Amgen has showcased some encouraging early stage data from candidates based on its novel bispecific T cell engager (BiTE) platform at ASCO.

Bispecific antibodies are one of the most promising emerging areas in immuno-oncology, with numerous biotechs and pharma companies developing their own variants of the technology. The potential is for the treatments to show superior efficacy to traditional antibodies, while having easier administration and fewer side-effects than CAR-Ts.

Amgen’s BiTEs work by attaching themselves to both a cancer cell and T cell, bringing them together so the body’s immune system can kill the cancer.

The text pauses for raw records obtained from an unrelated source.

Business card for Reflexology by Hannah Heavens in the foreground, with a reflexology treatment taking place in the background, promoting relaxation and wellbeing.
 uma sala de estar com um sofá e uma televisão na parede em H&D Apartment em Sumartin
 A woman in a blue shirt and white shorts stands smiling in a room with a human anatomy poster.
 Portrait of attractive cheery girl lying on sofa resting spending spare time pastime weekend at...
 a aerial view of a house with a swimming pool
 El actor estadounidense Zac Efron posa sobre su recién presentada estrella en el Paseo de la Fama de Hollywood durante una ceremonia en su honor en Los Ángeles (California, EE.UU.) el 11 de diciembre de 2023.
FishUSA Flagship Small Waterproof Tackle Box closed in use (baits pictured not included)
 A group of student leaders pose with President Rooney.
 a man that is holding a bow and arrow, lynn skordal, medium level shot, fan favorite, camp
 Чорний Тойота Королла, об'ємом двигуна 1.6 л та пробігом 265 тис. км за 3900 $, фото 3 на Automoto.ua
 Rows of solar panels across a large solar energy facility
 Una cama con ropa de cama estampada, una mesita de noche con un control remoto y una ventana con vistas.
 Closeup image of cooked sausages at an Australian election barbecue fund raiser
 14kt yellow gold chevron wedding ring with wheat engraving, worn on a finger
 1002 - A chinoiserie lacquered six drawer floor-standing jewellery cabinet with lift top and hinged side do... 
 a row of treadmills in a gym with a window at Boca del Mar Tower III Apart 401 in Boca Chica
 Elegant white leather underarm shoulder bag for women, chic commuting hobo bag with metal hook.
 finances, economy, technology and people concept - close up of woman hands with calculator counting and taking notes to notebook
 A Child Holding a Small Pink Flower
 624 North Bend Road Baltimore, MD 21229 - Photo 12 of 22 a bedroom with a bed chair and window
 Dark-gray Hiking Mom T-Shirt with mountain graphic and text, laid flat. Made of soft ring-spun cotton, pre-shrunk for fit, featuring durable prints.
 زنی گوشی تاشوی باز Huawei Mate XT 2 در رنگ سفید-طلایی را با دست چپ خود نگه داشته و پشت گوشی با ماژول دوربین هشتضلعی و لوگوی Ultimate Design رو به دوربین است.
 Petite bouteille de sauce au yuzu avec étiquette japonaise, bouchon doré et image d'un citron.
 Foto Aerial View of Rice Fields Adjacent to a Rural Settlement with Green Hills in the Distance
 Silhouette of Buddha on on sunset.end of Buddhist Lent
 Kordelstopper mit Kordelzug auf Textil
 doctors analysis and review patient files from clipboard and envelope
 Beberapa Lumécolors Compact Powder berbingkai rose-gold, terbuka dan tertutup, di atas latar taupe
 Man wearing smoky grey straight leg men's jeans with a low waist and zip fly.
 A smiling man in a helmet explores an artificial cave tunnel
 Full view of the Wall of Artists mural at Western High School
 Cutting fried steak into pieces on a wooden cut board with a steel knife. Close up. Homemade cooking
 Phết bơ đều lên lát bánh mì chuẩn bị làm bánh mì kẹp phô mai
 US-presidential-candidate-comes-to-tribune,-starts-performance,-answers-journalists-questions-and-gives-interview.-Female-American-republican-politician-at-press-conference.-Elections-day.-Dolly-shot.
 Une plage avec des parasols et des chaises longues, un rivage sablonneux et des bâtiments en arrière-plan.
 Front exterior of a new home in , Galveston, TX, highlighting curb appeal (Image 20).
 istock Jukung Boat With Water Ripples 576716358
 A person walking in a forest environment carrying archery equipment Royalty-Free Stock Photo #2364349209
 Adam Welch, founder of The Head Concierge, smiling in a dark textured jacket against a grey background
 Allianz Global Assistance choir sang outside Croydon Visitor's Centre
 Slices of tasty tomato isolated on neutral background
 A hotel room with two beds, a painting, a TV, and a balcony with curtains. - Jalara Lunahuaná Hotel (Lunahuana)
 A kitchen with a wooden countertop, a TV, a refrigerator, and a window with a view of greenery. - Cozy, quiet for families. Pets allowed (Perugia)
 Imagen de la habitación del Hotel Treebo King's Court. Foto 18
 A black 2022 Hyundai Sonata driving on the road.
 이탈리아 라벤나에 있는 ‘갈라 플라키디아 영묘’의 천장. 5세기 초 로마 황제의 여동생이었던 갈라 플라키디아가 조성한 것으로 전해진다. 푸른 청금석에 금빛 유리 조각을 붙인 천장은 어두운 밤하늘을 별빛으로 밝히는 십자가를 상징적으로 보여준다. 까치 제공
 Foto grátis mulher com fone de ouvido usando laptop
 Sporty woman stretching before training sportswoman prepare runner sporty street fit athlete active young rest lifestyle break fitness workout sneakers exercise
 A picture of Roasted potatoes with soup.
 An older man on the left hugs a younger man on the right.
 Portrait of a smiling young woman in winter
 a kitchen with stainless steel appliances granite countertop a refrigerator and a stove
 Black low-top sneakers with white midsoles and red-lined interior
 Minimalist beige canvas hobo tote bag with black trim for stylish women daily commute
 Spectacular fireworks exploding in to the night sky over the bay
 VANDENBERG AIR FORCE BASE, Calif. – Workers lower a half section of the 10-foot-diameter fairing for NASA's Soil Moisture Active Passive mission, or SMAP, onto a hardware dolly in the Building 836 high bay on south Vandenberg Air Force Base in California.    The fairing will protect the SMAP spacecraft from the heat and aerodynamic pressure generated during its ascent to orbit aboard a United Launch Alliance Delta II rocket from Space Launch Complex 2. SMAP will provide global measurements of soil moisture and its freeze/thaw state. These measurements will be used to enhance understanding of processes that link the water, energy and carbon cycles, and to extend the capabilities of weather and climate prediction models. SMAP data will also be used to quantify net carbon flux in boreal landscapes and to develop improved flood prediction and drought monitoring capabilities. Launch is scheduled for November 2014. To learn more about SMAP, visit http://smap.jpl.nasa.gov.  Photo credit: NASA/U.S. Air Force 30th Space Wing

The company has more than a dozen BiTE molecules in clinical development across a range of haematological malignancies and solid tumours.

The most advanced of these is AMG 420, a candidate for patients with relapsed and/or refractory multiple myeloma (R/R MM), which has already caught attention with some promising early data at the ASH congress in December.

Analysts said that data suggested it could be a potential competitor with CAR-T treatments for multiple myeloma, most notably the Bluebird/Celgene frontrunner bb2121.

Amgen has presented new safety and efficacy results from its dose escalation trial which showed the drug was tolerable at the 400 µg/d dose, midway in the dosing range up to top end of 800 µg/d.

The updated readout showed that AMG 420 induced clinical responses in 13 of 42 patients across the dosing cohorts. Of the six patients that achieved a minimal residual disease (MRD)-negative complete response (CR), five were treated at the 400 µg/d dose. One patient achieved a very good partial response at this dose, and one achieved a partial response.

Overall, the results have led investigators to recommend further trials of AMG 420 to proceed at this 400 µg/d dose.

However as was seen when the study was presented in December, the immune-system stimulating treatment also produces relatively high levels of serious adverse events (AEs). These were reported in 19 patients (45%), with sixteen required hospitalisation and four needing prolonged hospitalisation.

No grade 3 or 4 central nervous system toxicities were observed but infections were seen in 13 patients, peripheral polyneuropathy in two patients and a Grade 3 cytokine release syndrome (CRS) was seen in one patient. If the BiTE technology is to mount a strong challenge to CAR-Ts, Amgen will want to demonstrate a superior safety profile to the cell therapies.

Analysts say it is too early to call on efficacy right now, as patients enrolled onto the AMG 420 trial have an average of four prior lines of therapy, while those treated in trials of Bluebird’s CAR-Ts had seven or more, with a slightly higher proportion of the latter group also failing on Johnson & Johnson’s fast-growing myeloma therapy Darzalex (daratumumab).

Amgen has FDA fast-track status for AMG 420, and intends to accelerate enrolment into an expanded study population that will include patients in earlier lines of therapy.

There were also initial results from a first-in-human trial of AMG 212 (pasotuxizumab)  in metastatic castration-resistant prostate cancer (mCRPC).

In the trial, 16 patients with mCRPC were enrolled into five dosing cohorts, with a target dose range of 5 to 80 µg/d delivered by continuous intravenous infusion.

AMG 212 showed clinical activity, a dose dependent response in key prostate cancer biomarker PSA, and two long-term responder patients.

Recruitment in the trial was stopped before maximum tolerated dose was reached to allow the set-up of a new Amgen-sponsored study.

Other BiTE’s in Amgen’s pipeline include AMG 596, which targets epidermal growth factor receptor variant III (EGFRvIII) in glioblastoma (GBM), and AMG 757, which targets delta-like ligand 3 (DLL3) in small-cell lung cancer (SCLC), with data presented on the candidates at ASCO poster sessions.